The regulations set forth in this division shall apply to all business signs, regardless of location, within the City.

Codified by Ord. No. 28-19 (JCC. 7/23/19, Pass. 9/10/19, App. 9/11/19, Pub. 9/20/19, Eff. 10/1/19); Amended by Ord. No. 2020-13 (JCC. 2/18/20, Pass. 6/9/20, App. 6/15/20, Pub. 8/14/20, Eff. 12/9/20).

Section 4-4-62: Limitation on maximum aggregate business sign area

(a) In general, the maximum permissible aggregate area for all business signs, including sponsorship signs, identification signs, and directional signs located on a single premises is:

(1) For any premises in a low-density residential sign district that contains a single- family, two-family, or multi-family residential building or structure with not more than four dwelling units, six square feet.

(2) For any premises in a low-density residential sign district that is not identified in Subsection (a)(1) of this section, and in any high-density residential/ mixed use sign district, low-density commercial/institutional sign district, or recreation/open space sign district, the greater of:

(i) 2.6 square feet per linear foot of building frontage not to exceed 500 square feet; or

(ii) One square foot of premises frontage, not to exceed 500 square feet.

(3) In any high-density commercial/ industrial sign district, three square feet per linear foot of building frontage, provided that the maximum permissible aggregate area in such district located outside the Central Business District shall not exceed 500 square feet.

(4) Notwithstanding other applicable limitations set forth in this section, on any casino premises, four square feet per linear foot of building frontage is permissible.

(b) For any corner premises that fronts onto a freeway, major thoroughfare, or secondary thoroughfare, the maximum permissible aggregate area as determined in Subsection (a) of this section shall be calculated, and shall apply, separately for each frontage of the premises.
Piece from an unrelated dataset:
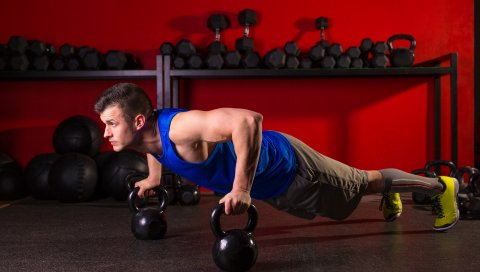 спорт, физические упражнения, человек, физические упражнения, отжимания, гири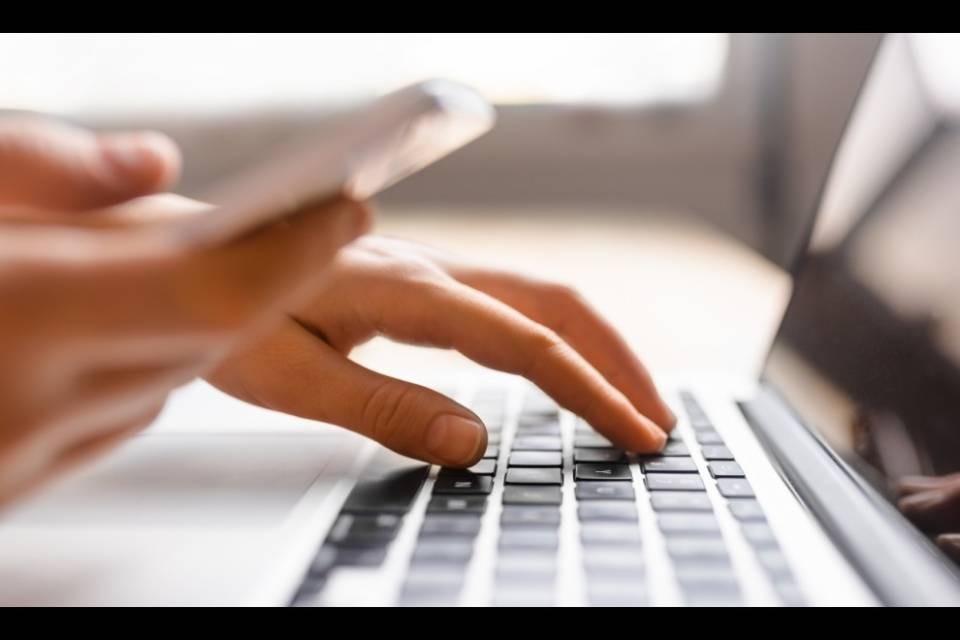 Un utente su due ha paura di essere spiato sul web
For any corner premises that does not front onto a freeway, major thoroughfare, or secondary thoroughfare, the maximum permissible aggregate area for the entire premises as determined in Subsection (a) of this section shall be calculated based only on the longest frontage of the premises.

(c) Adjustment under Section 4-4-22 of this Code of the standards and requirements set forth in this section is limited to 25% of such standards.

Codified by Ord. No. 28-19 (JCC. 7/23/19, Pass. 9/10/19, App. 9/11/19, Pub. 9/20/19, Eff. 10/1/19); Amended by Ord. No. 2020-13 (JCC. 2/18/20, Pass. 6/9/20, App. 6/15/20, Pub. 8/14/20, Eff. 12/9/20).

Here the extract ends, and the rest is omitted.